*** SUPPLIED MATERIAL Section Begins ***

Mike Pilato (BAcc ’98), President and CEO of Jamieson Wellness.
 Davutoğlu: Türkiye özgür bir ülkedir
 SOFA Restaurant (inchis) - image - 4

*** SUPPLIED MATERIAL Section Ends ***

### WHAT IS REQUIRED
Type out the whole listing above again, exactly as it stands.

### TASK ANSWER
Mike Pilato (BAcc ’98), President and CEO of Jamieson Wellness.
 Davutoğlu: Türkiye özgür bir ülkedir
 SOFA Restaurant (inchis) - image - 4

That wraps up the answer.